What was my point again? Oh yeah, Cloverfield. This movie was producer J.J. Abrams’s stab at creating an American answer to Godzilla. Is he successful? Well, what do you think? I’m profiling the movie, aren’t I? Anyway, the movie unfolds in pure Godzilla fashion–a gigantic monster emerges from the briny deeps to wreck havoc on Manhattan before the military blows it oblivion. Seems simple enough. Unfortunately, Abrams, director Matt Reeves, and writer Drew Goddard decided to put a (sigh) modern spin on the story by having it filmed by a hand-held video camera wielded by a kid attending a buddy’s going-away party.
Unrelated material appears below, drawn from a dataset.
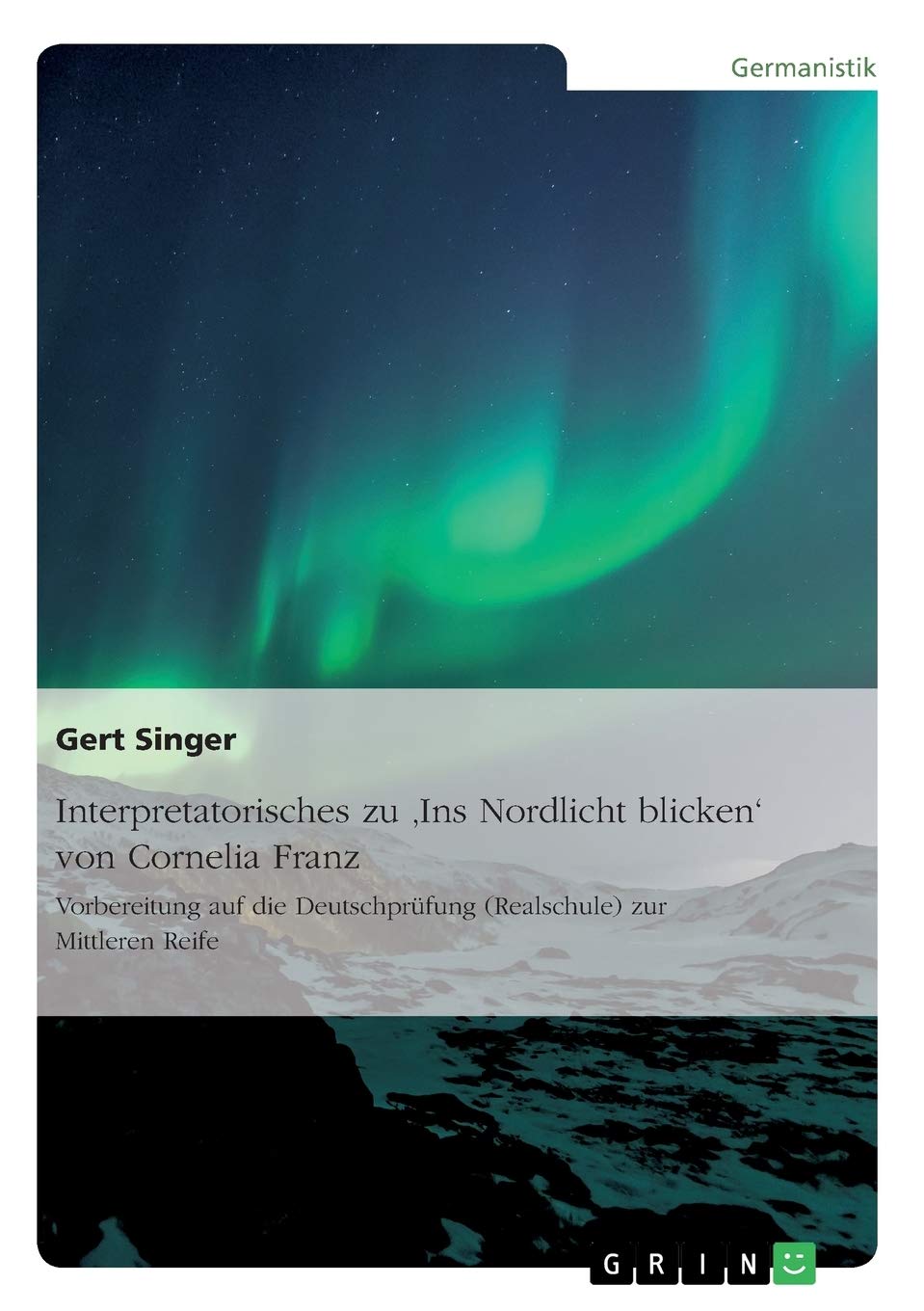 Interpretatorisches zu 'Ins Nordlicht blicken' von Cornelia Franz. Vorbereitung auf die Deutschprüfung (Realschule) zur Mittleren Reife Study Guides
And this brings us to the massive sucking sound that is Coverfield. Cheap and easy digital filmmaking has apparently scared the living crap out of many filmmakers since about half of Hollywood wants to make movies that say important things about our newly-YouTubeized lifestyles. And perhaps there is a trenchant movie waiting to be made about that, but Cloverfield ain’t it. Without any interesting subtext, the cinema-verite style of Cloverfield really only serves to frustrate the hell out of the viewer and make you shout over and over again at the screen ”What the fuck just happened! Raise the camera, you douchebag!”
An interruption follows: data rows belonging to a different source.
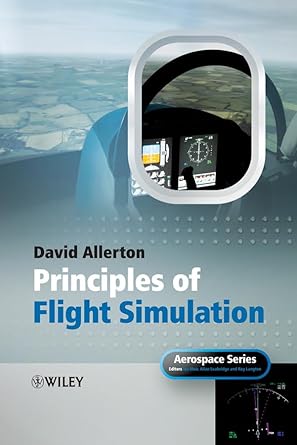 principles of flight simulation 1st edition david allerton ,ian moir ,allan seabridge ,roy langton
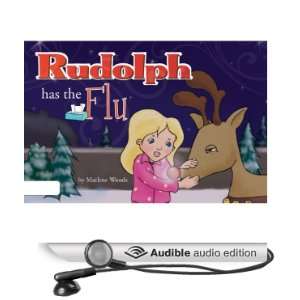  Rudolph has the Flu (Audible Audio Edition) Marlene Woods 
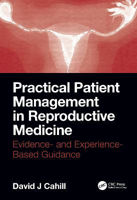 Picture of Practical Patient Management in Reproductive Medicine: Evidence- and Experience-Based Guidance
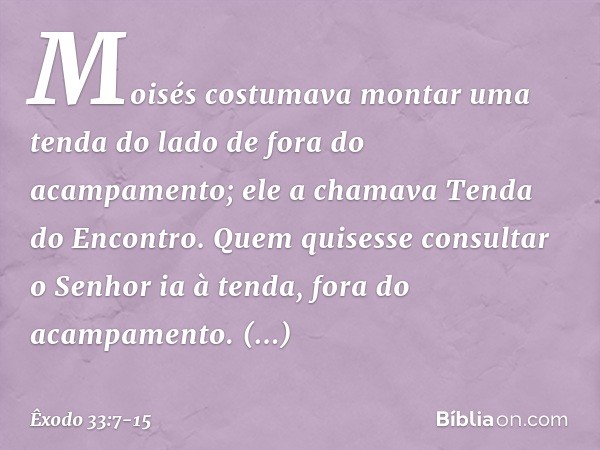 Moisés costumava montar uma tenda do lado de fora do acampamento; ele a chamava Tenda do Encontro. Quem quisesse consultar o Senhor ia à tenda, fora do acampame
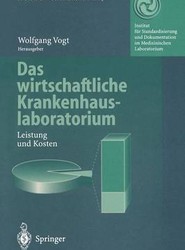 Das wirtschaftliche Krankenhauslaboratorium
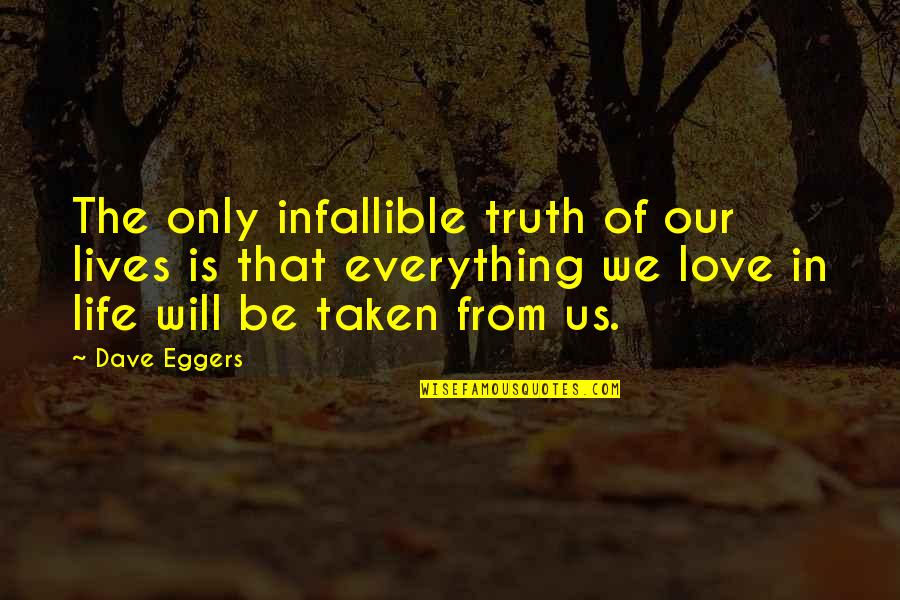 You Are My Love My Life My Everything Quotes By Dave Eggers: The only infallible truth of our lives is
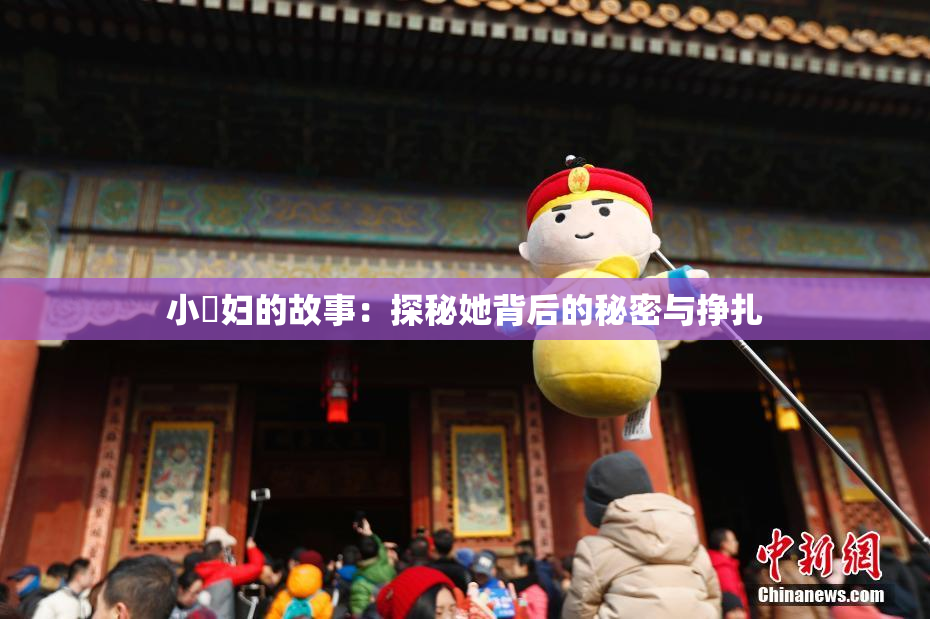 小婬妇的故事：探秘她背后的秘密与挣扎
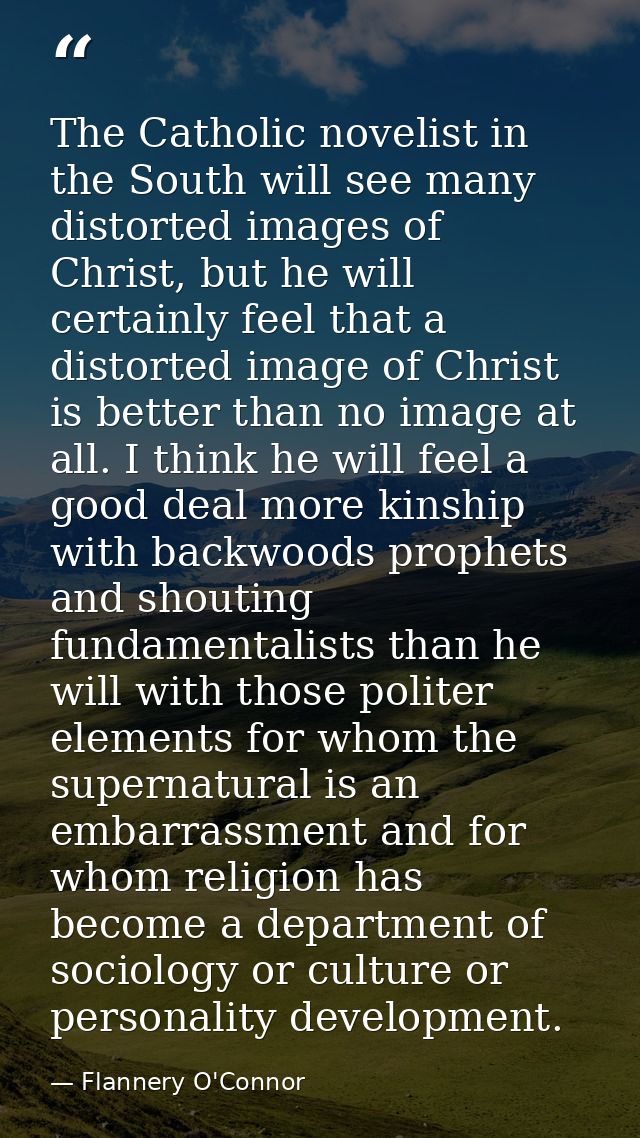 The Catholic novelist in the South will see many distorted images of Christ, but he will certainly feel that a distorted — Flannery O'Connor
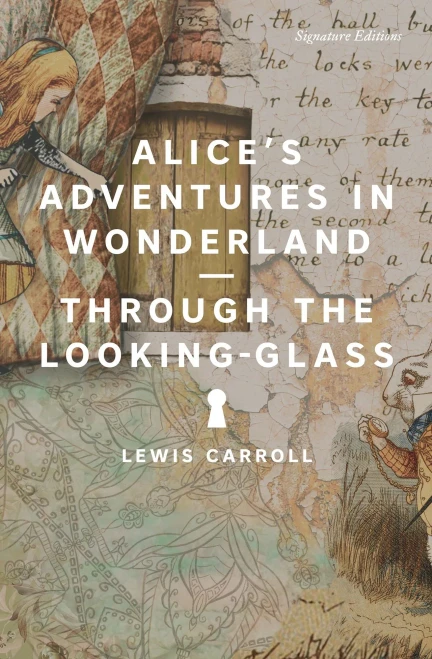 Alice's Adventures in Wonderland and Through the Looking-Glass (Signature Classics)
The douchebag in question is Hud, one of five 20-somethings whom we follow through this story of New York’s apocalypse. Hud has thrown a going-away party for his buddy Rob, who is taking a job in Japan. Also attending the party is Rob’s brother Jason, and some chicks, Lily and Marlena. All of these people are about as vapid as a J. Crew ad, and the party scenes are easily the most painful to watch, simply because I wanted all these people to die. Then a monster attacks! Yay! Good Cloverfield!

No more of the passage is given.